● PROVIDED DATA
>>

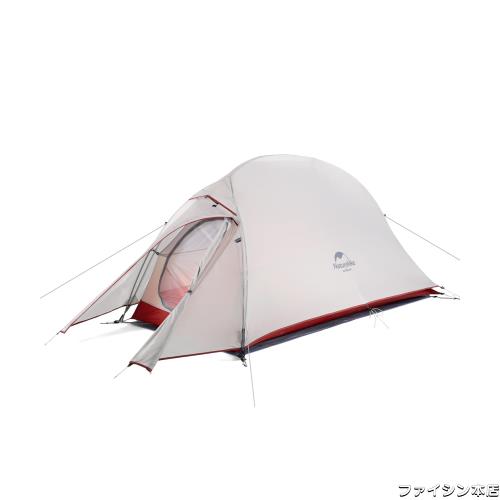 Naturehike公式ショップ テント 1人用 アウトドア 二重層 超軽量 4シーズン 防風防水 PU4000 キャンピング プロフェッショナルテント（専の通販は 14,064円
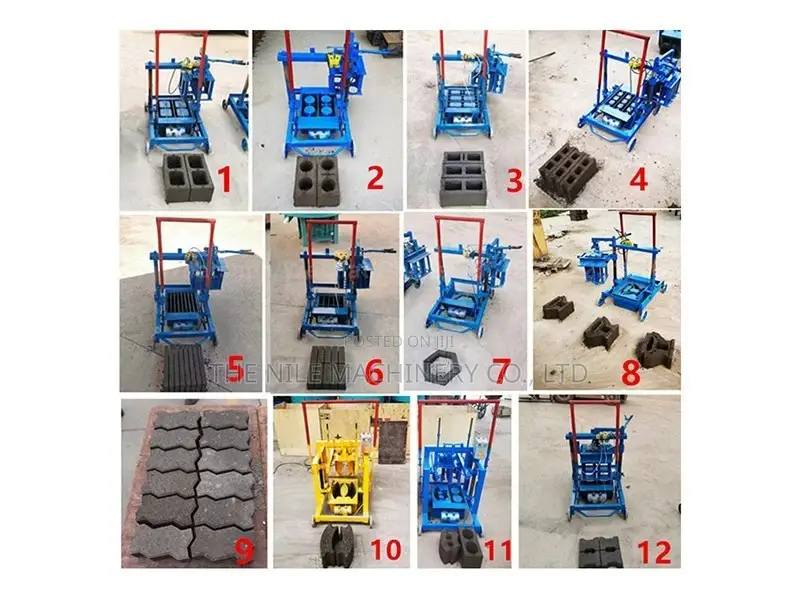 Small Manual Brick Making Machine Manufacturers in Kenya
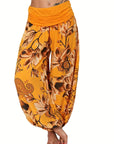 Helvano | Geblümte Hose für Damen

<<

● AIM OF THE TASK
Print the data exactly as written, dropping any images it holds.

● ANSWER SECTION
 Naturehike公式ショップ テント 1人用 アウトドア 二重層 超軽量 4シーズン 防風防水 PU4000 キャンピング プロフェッショナルテント（専の通販は 14,064円
 Small Manual Brick Making Machine Manufacturers in Kenya
 Helvano | Geblümte Hose für Damen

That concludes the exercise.